Em uma escalada de tensões no Oriente Médio, as forças dos Estados Unidos e de Israel realizaram ataques aéreos contra instalações industriais estratégicas no Irã.
Entre os alvos estão a planta de alumínio de Arak, situada no centro do país, e o complexo petroquímico Fajr, localizado em Mahshahr. De acordo com o portal RT, a Companhia Iraniana de Alumínio (IRALCO), principal produtora de alumínio do país, foi atingida durante a operação.
Os ataques, ocorridos na madrugada do dia 28 de fevereiro de 2026, foram apresentados por Washington e Tel Aviv como uma medida para neutralizar ameaças representadas pela República Islâmica.
Em resposta, o governo de Teerã lançou uma série de contra-ataques com mísseis balísticos e drones, mirando bases militares americanas na região e alvos em território israelense. O Irã também atingiu instalações petrolíferas vinculadas aos EUA no Oriente Médio, intensificando o confronto.
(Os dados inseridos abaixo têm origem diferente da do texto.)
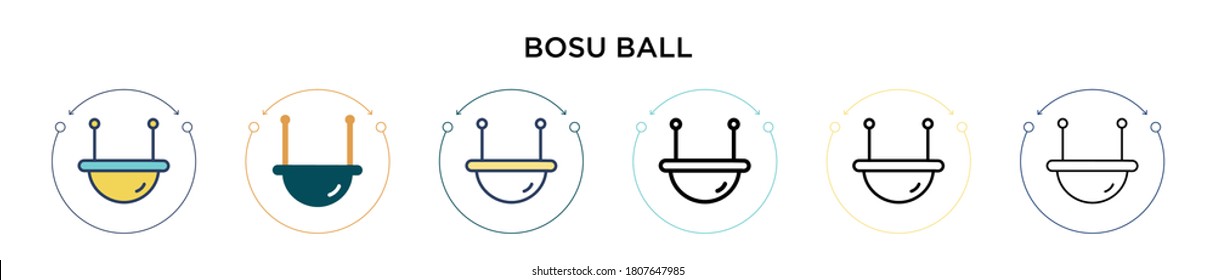 Bosu ball icon in filled, thin line, outline and stroke style. Vector illustration of two colored and black bosu ball vector icons designs can be used for mobile, ui, web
Um dos desdobramentos mais críticos foi a decisão iraniana de bloquear o estreito de Ormuz, rota marítima vital por onde passa cerca de 20% do petróleo e gás comercializados globalmente.
Essa medida gerou impactos imediatos no mercado internacional, com disparada nos preços dos combustíveis e crescente preocupação sobre a segurança do fornecimento energético mundial. Autoridades iranianas declararam que o bloqueio reflete uma postura de resistência nacional e que estão trabalhando em um novo ordenamento para o Golfo Pérsico, desafiando as exigências ocidentais.
Em meio à crise, o presidente dos EUA, Donald Trump, emitiu um ultimato a Teerã, exigindo a reabertura do estreito de Ormuz até as 20h do dia 7 de abril de 2026, pelo horário do Leste dos EUA.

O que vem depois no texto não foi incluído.